Vawter: AMSO could start shale production in a ‘year or two’

RANGELY — Glenn Vawter’s fascination with oil shale began in 1958 when he participated in a field trip to this area while attending Colorado School of Mines.
Vawter shared his knowledge of oil shale during a presentation Sept. 23 at a Community Networking Group meeting at Colorado Northwestern Community College.
He said the first known use of processed shale came from an English patent in 1694 and Native Americans used it for fire fuel. Shale began to be processed commercially in the United States in the 1920s to fuel the automobile, but the Texas oil strikes led to the first bust era.
Small scale developments continued through the ’30s and ’40s, most notably the Anvil Points mine near Rifle and tar sand mining in Carbon County, Utah. The ‘70s Arab oil embargo led to the Unocal mine and plant being built in Parachute and the government’s creation of the Synthetic Fuels Corporation.
By the end of the 1970s, a stabilized oil supply and falling prices made the shale program no longer viable and the plant closed in 1982. In the late ‘90s, advancing technologies, escalating oil prices and worldwide demand renewed interest in shale production.
A handful of other countries, including Russia, China, Australia, Canada, Brazil and Estonia are producing shale oil, but of all the deposits in the world, the Piceance Basin holds the richest reserves, an estimated 400 billion barrels of recoverable oil. The deposit is about 1,000 feet thick and holds up to 2 million barrels per acre.
In addition to Shell’s Mahogany Ridge project, several other companies are testing various production techniques.
ExxonMobil is using a process called Electrofrac to fracture and heat the shale, Chevron is trying a CO2 and chemical injection system, AMSO is developing an underground retort and pumping system and EcoShale will use surface pits as retorts for its conventionally mined shale.

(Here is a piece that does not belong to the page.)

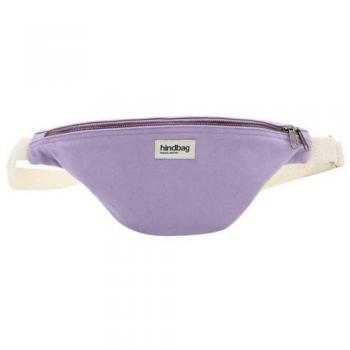 Olivia Metro Street Pack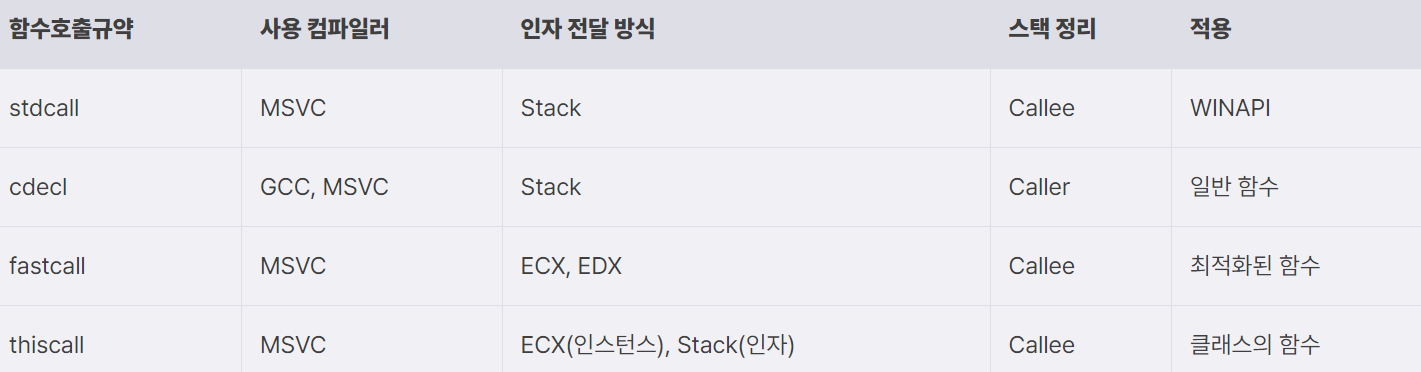 c19f4089-3624-4ea4-8181-5a4d8c983d61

Shell’s program is probably the furthest along, but company officials say they still need a few more years to prove its “freeze-wall” technology is viable. AMSO says it could be in production within “a year or two.”

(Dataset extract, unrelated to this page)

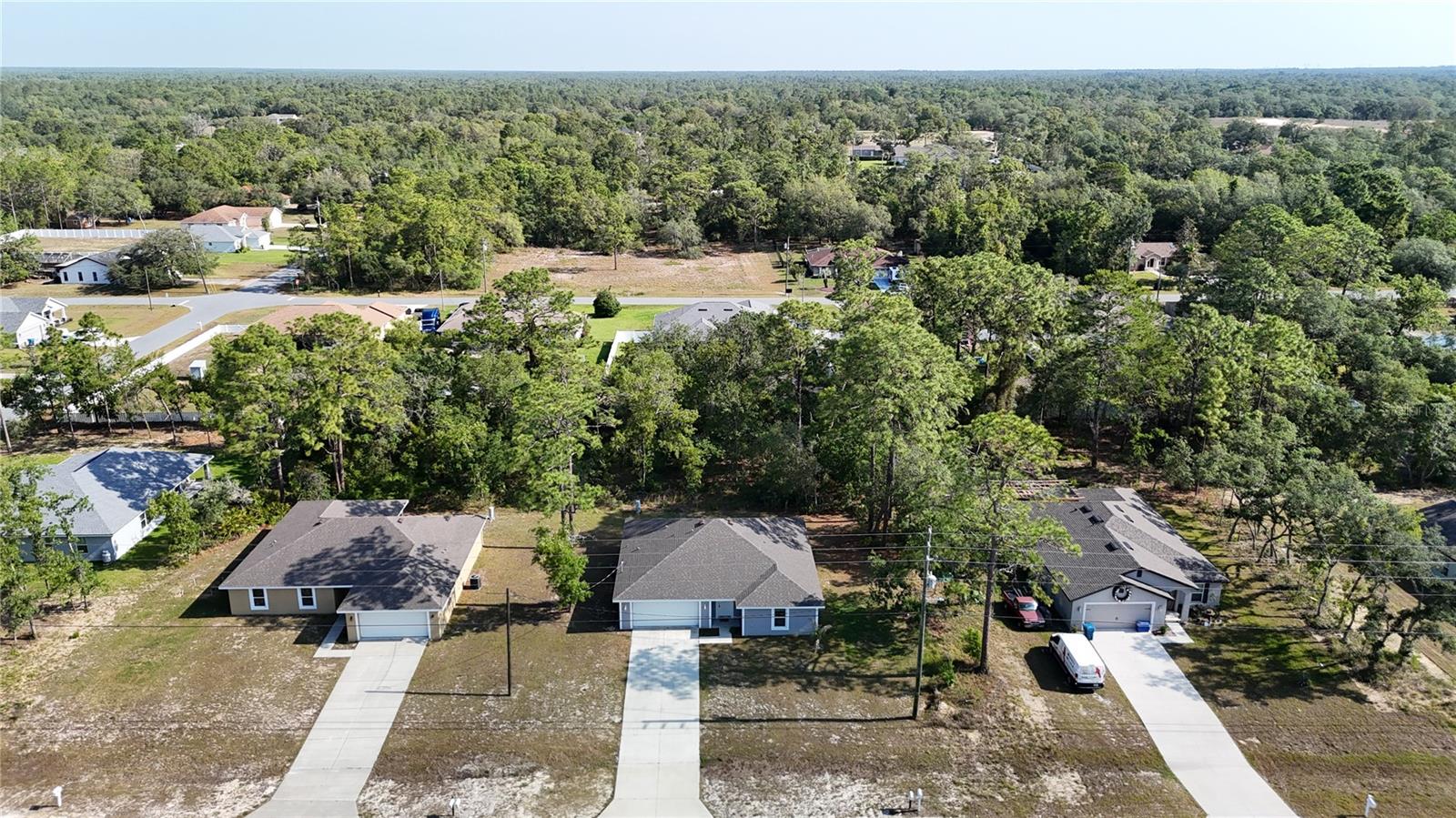 12053 CENTRALIA ROAD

The challenges of emerging technologies, investment risk, political shenanigans and regulatory hurdles still remain. Although 160-acre research and development leases have been granted, leasing of BLM lands for production use is still pending and production royalty rates haven’t been set yet. Environmental and social concerns are still being addressed. Vawter said he thinks development is shifting from Garfield County to Rio Blanco County and the resulting impacts will only increase.
When asked about the increased power needs to supply these projects, Vawter said several different options are being evaluated, included using captured natural gas from the drilling process to fuel an electric generation plant somewhere in this area. He was also asked about per barrel price and how it would effect the current project’s viability.
“As long as oil stays above the $60 to $70 a barrel range, all these will remain very viable,” he said. “And we don’t see it getting back that far now or in the future.”